I need to determine whether $L$ is regular or at least context-free. $$L = \{ xwx : x,w \in \{a,b,c \}^*, |x| > 0\}$$ My initial guess is that it is regular.
I think that $L$ is context free. I have come up with a simple grammar, yet I am not sure if that's the way to go:
$$S \rightarrow a\text{Any}a | b\text{Any}b | c\text{Any}c $$ $$Any \rightarrow a | b | c | aAnya |aAnyb|aAnyc|bAnya | \ldots |\epsilon$$
Is it a potentialyl good grammar?
$L$ is not context free (and in fact, the version of $L$ with only two symbols is also not context free).
To show this, I will use the generalized condition under the Wikipedia page for Ogden's lemma with $e = 3$ and $d = 16p + 5 \ge p(e+1)$, and apply it to the word $a^{4p+2} b^{4p+2} a^{4p+2} b^{4p+2}$ with excluded positions being the start of the 2nd, 3rd, and 4th blocks and all other positions being distinguished. Now, the excluded positions will ensure that each of $v, x$ stays within one of the blocks, while the condition that $vwx$ has at most $p(e+1) = 4p$ distinguished positions ensures that $v$ and $x$ are either in the same block or in adjacent blocks. It now remains to check in each case that either $u v^0 w x^0 y$ or $u v^2 w x^2 y$ is not in $L$, giving a contradiction. (It will be useful in each case to use the observation that if $k_1, k_4 > 0$, then $a^{k_1} b^{k_2} a^{k_3} b^{k_4} \in L$ if and only if $k_3 \ge k_1$ and $k_2 \ge k_4$.)
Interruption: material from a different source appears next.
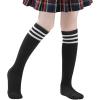 imageZando 3 Pairs Girls Knee High Socks Cotton School Uniform Socks Kids Soccer Socks Outdoor Long Tube Socks 314 Years3 BlackWhite
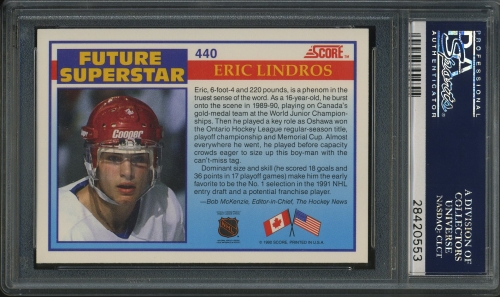 1990 Score #440 Eric Lindros PSA 10 #28420553 - Back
To illustrate one of these cases, let us suppose that $v = b^k$ from the second block and $x = a^\ell$ from the third block. Then $u v^0 w x^0 y = a^{4p+2} b^{4p+2 - k} a^{4p+2-\ell} b^{4p+2} \notin L$ by the above observation, since $vx$ cannot be empty so either $k > 0$ or $\ell > 0$.